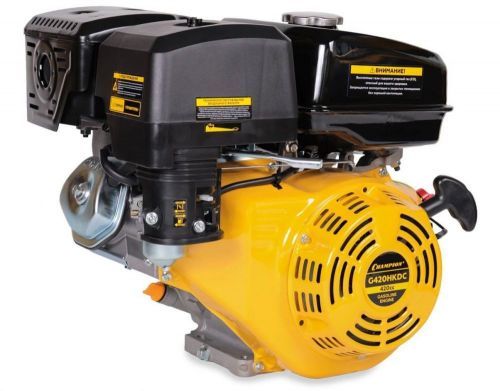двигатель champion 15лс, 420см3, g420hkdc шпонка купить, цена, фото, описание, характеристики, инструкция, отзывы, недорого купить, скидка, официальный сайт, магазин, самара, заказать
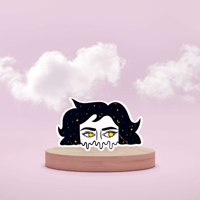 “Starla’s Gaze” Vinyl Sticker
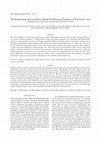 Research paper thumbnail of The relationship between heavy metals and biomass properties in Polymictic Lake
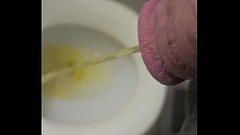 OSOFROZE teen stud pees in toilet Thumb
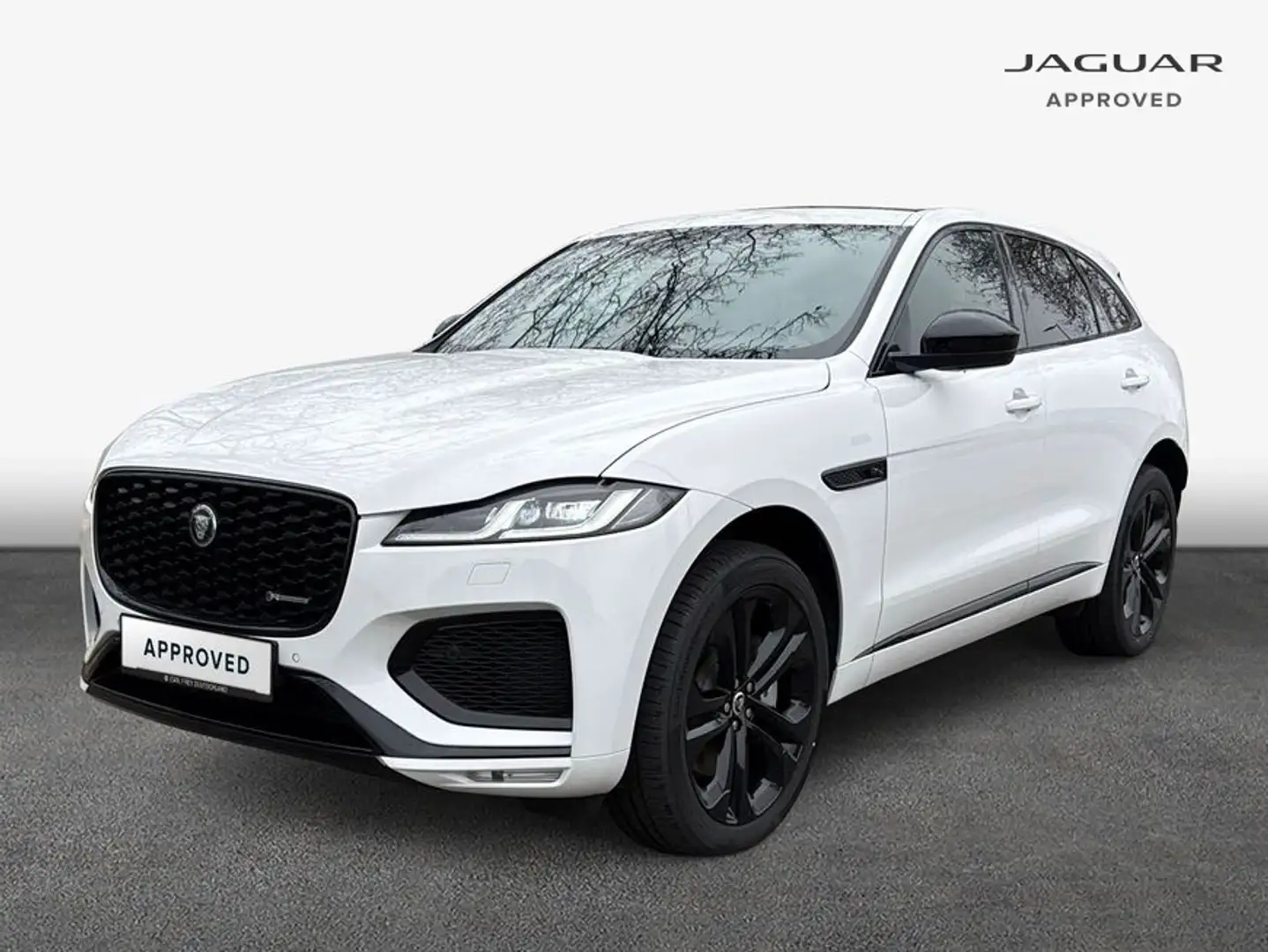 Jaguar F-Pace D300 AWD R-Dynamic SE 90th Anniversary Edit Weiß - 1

* [Instructions to follow] Quote the records above exactly, from the first line through the line containing "OSOFROZE teen stud pees in toilet Thumb", and leave out the pictures.

* [Exercise answer]
двигатель champion 15лс, 420см3, g420hkdc шпонка купить, цена, фото, описание, характеристики, инструкция, отзывы, недорого купить, скидка, официальный сайт, магазин, самара, заказать
 “Starla’s Gaze” Vinyl Sticker
 Research paper thumbnail of The relationship between heavy metals and biomass properties in Polymictic Lake
 OSOFROZE teen stud pees in toilet Thumb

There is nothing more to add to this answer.